** The data follows **

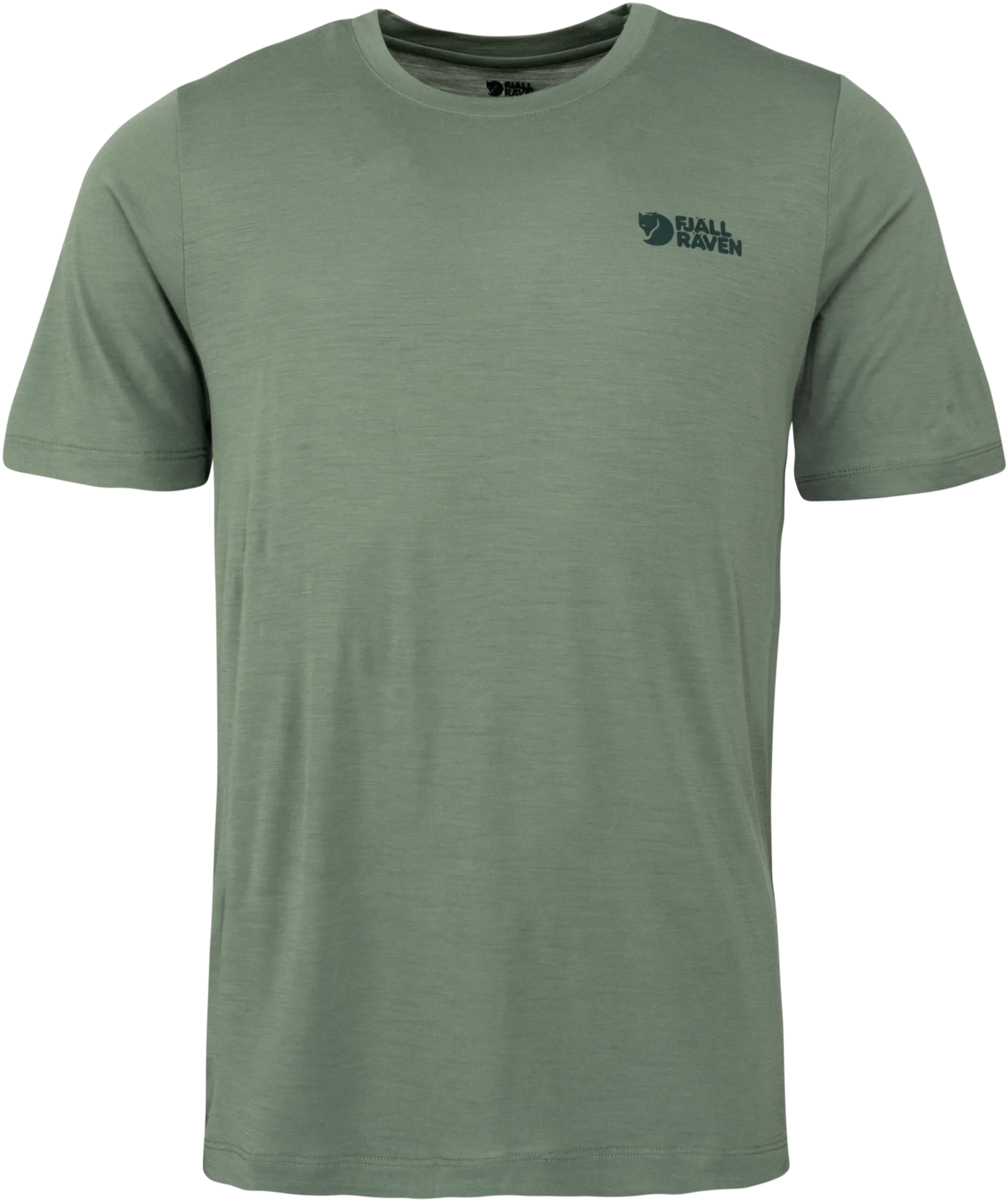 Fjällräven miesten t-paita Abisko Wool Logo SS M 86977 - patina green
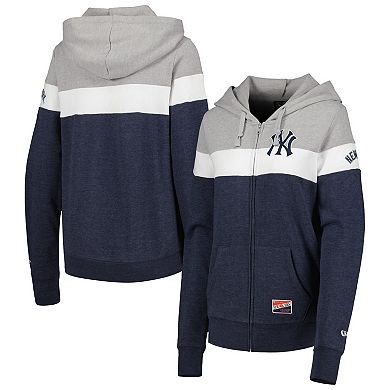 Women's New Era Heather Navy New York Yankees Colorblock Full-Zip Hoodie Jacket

** End of The data **
** The data follows **

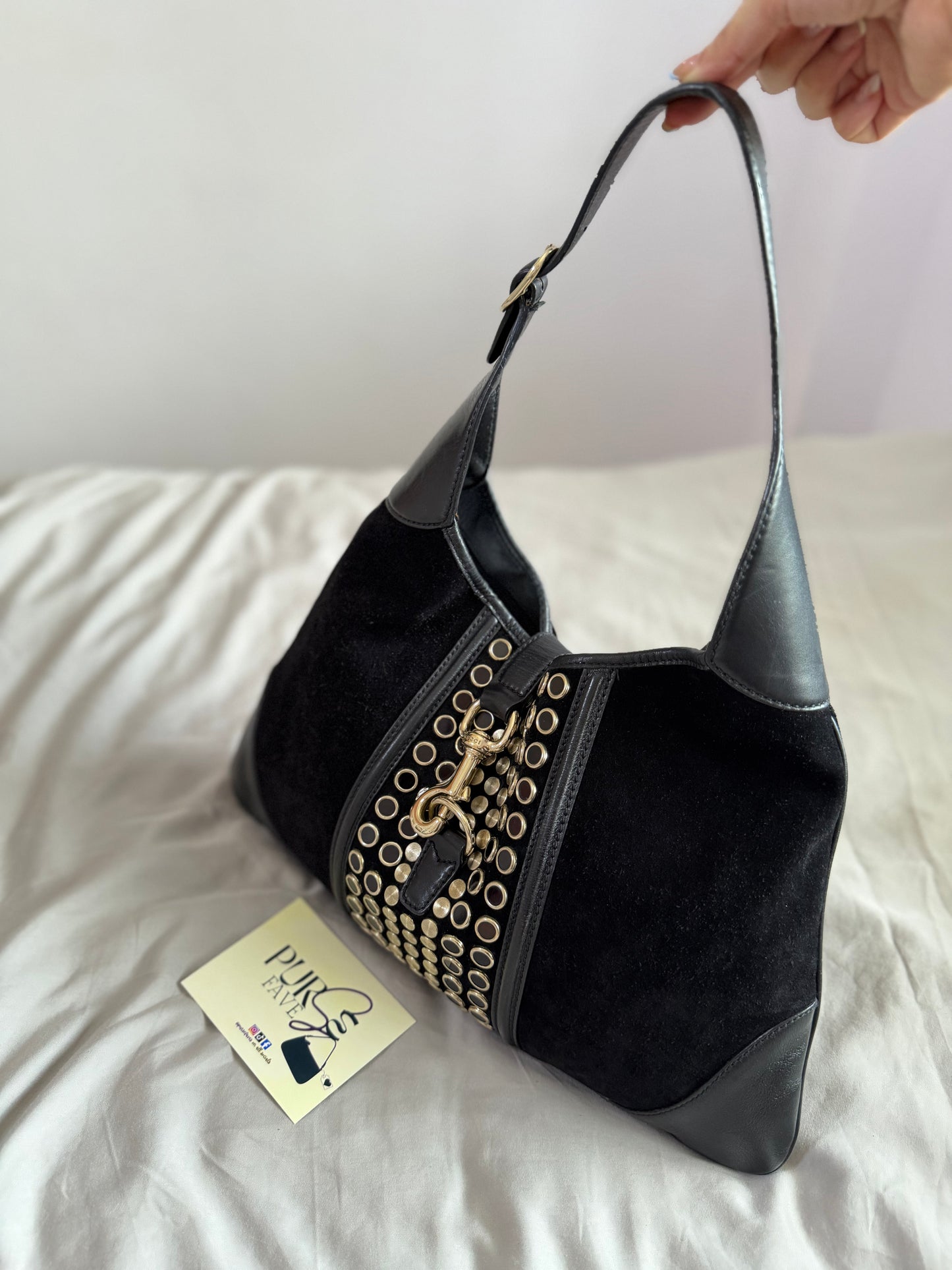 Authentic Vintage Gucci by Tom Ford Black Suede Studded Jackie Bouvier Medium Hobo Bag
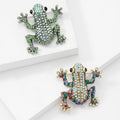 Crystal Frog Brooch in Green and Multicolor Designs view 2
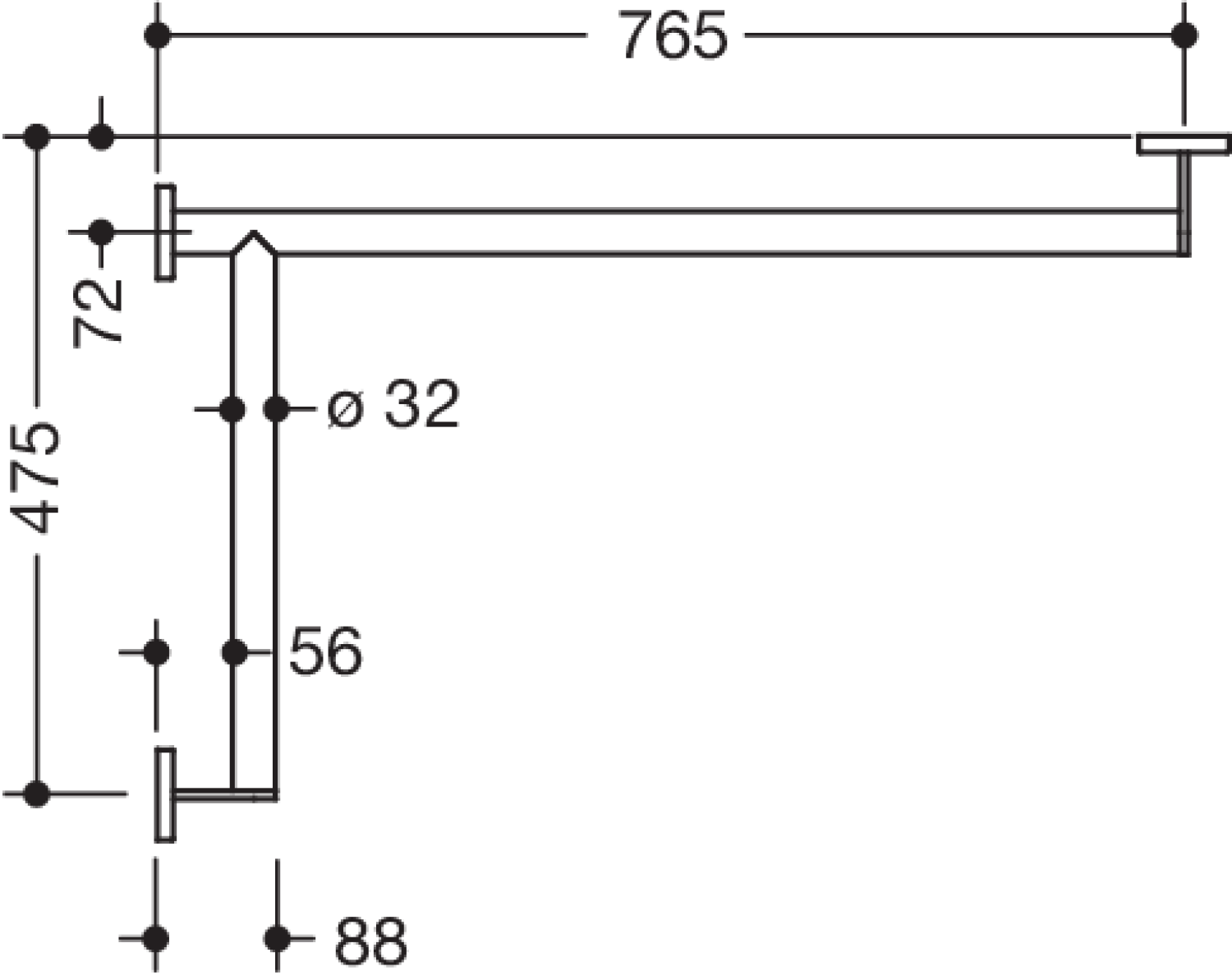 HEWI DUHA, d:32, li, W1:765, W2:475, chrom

** End of The data **
** The data follows **

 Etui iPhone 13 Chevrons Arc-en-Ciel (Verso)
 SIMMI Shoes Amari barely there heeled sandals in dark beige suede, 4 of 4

** End of The data **

Text only, no pictures: please print exactly the lines above from the line with "Authentic Vintage Gucci" up to and including the line with "HEWI DUHA, d:32, li, W1:765, W2:475, chrom", and nothing else.

 Authentic Vintage Gucci by Tom Ford Black Suede Studded Jackie Bouvier Medium Hobo Bag
 Crystal Frog Brooch in Green and Multicolor Designs view 2
 HEWI DUHA, d:32, li, W1:765, W2:475, chrom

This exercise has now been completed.